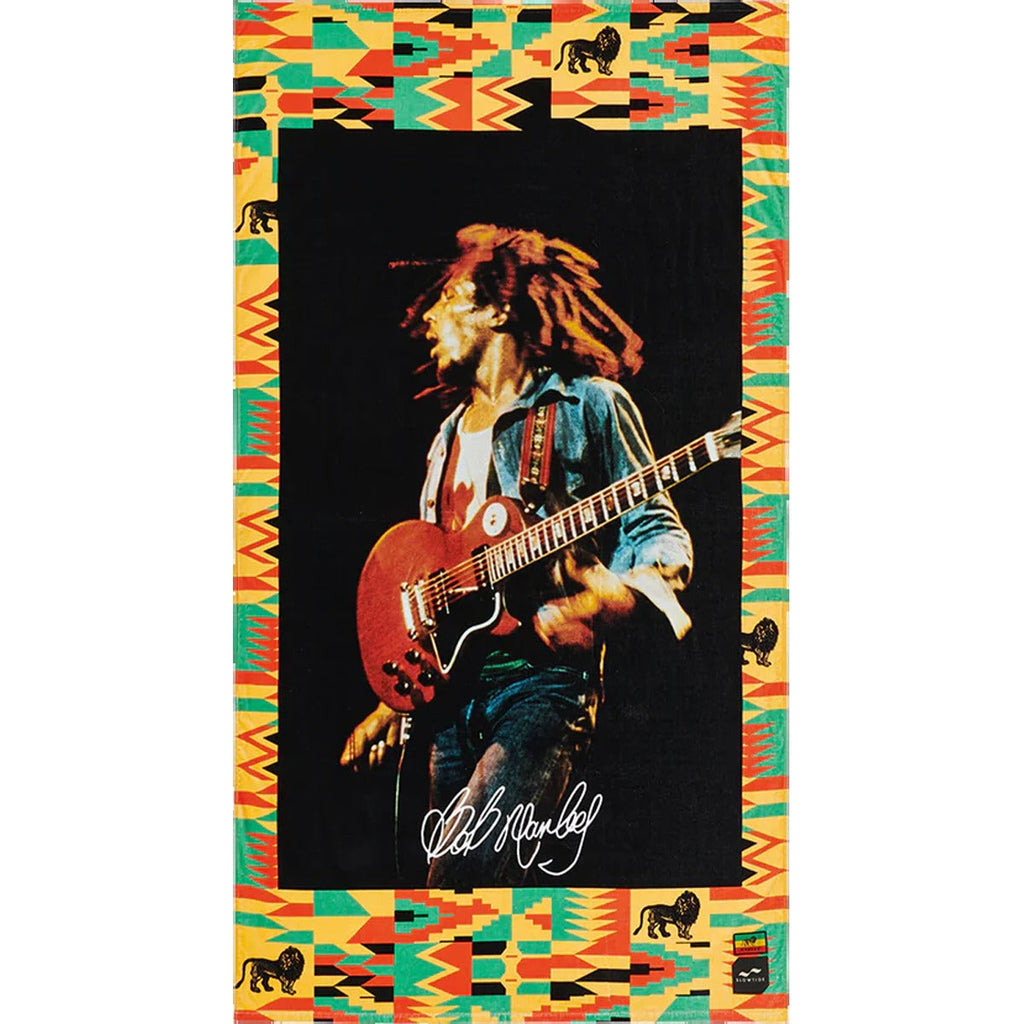 Bob Marley x Slowtide Trenchtown Beach Towel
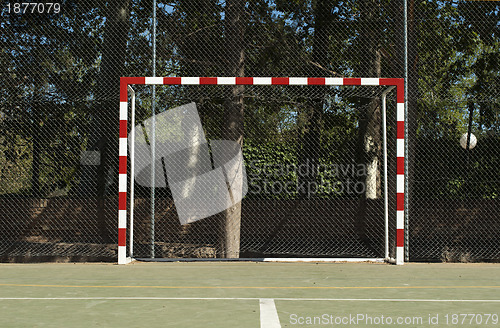 Image of Football gate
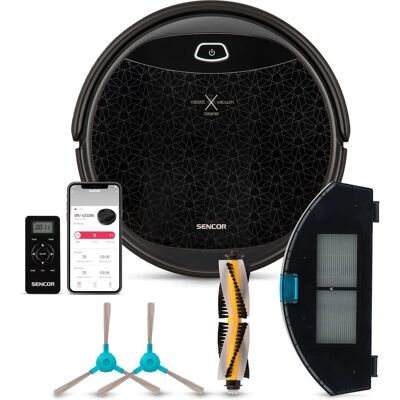 Sencor SRV 4200BK Saugroboter - 4 Modi, Wi-Fi Steuerung Sencor SRV 4200BK Saugroboter - 4 Modi, Wi-Fi Steuerung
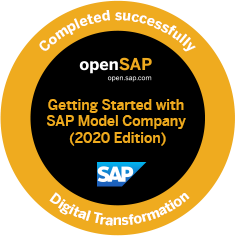 Getting Started with SAP Model Company
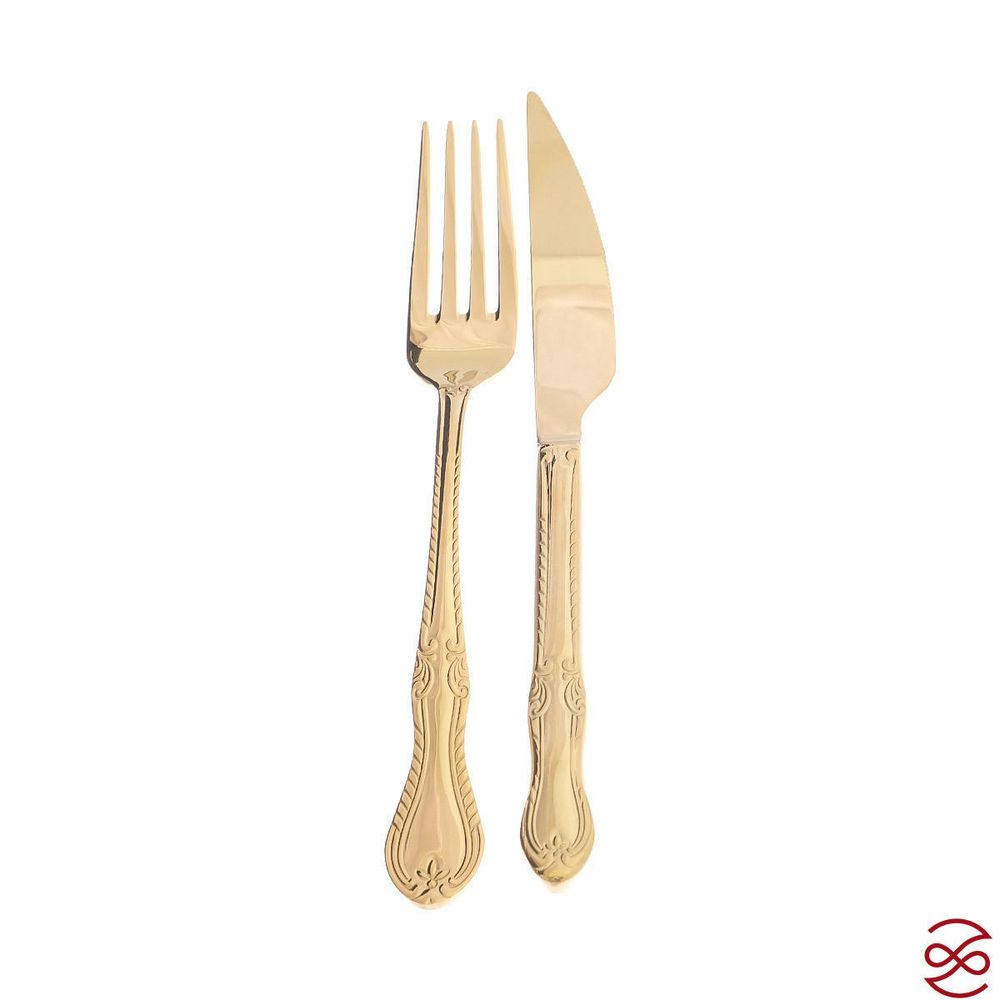 Набор столовых приборов Hira Safir Titanum 24 пр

• Exercise details:
An exact copy of the material is required, minus the pictures.

• Written reply:
 Bob Marley x Slowtide Trenchtown Beach Towel
 Image of Football gate
 Sencor SRV 4200BK Saugroboter - 4 Modi, Wi-Fi Steuerung Sencor SRV 4200BK Saugroboter - 4 Modi, Wi-Fi Steuerung
 Getting Started with SAP Model Company
 Набор столовых приборов Hira Safir Titanum 24 пр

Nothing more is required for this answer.